Wednesday, May 16, 2012

Setting the record straight!

President Barack Obama
1600 Pennsylvania Avenue, NW
Washington, DC 20500
president@whitehouse.gov

Dear Mr. President:

We in Canada not with interest your latest campaign ads suggest Mr. Romney may have certain vampire like-tendencies. To set the record straight, there are only two remaining vampires left in the world both resident of Canada.
Count Floyd

As well as, businessman Kevin O'Leary a regular on CBC Television's The Lang & O'Leary Exchange and sell-professed vampire.
Thank you for allowing us to set the record straight.

Sincerely,
Clare L. Pieuk
Obama ad calls Mitt Romney's Bain Capital frim a 'vampire'
By Rachel Weiner
Monday, May 14, 2012


President Obama’s campaign is out with a tough new ad, “Steel,” attacking former Massachusetts governor Mitt Romney’s record on job creation.

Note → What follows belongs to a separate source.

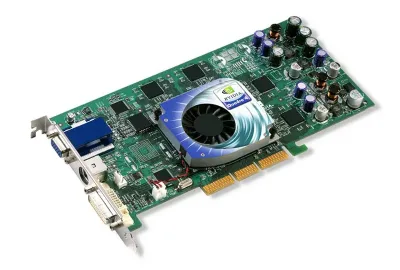 25P6687 - IBM 128MB nVidia Quadro4 900XGL Video Card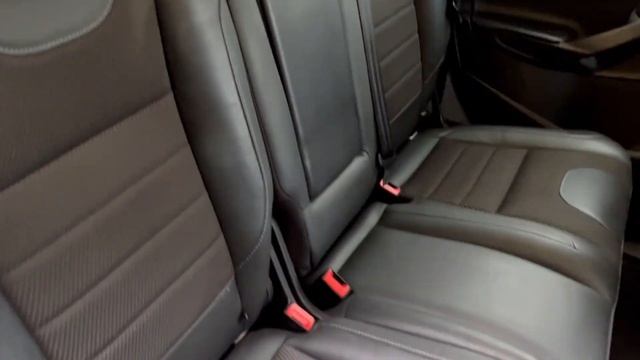 2015 Ford Kuga 2.0 TDCi Titanium AWD смотреть онлайн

The two-minute ad focuses on GS Technologies, a steel mill in Kansas City, Missouri, that was bought by Romney’s private equity firm Bain Capital and went bankrupt soon after.

The ad paints Romney as out of touch with the needs of the local workers and concerned only with Bain’s own profits.

“We view Mitt Romney as a job destroyer,” says one former mill worker in the ad. Another calls Bain “a vampire. They came in and sucked the life out of us.”



The spot will air in five key states: Ohio, Pennsylvania, Virginia, Iowa and Colorado. It will run for only one day, May 16, on the evening news. The campaign has also launched a Web site, RomneyEconomics.com, with a six-minute version of the ad.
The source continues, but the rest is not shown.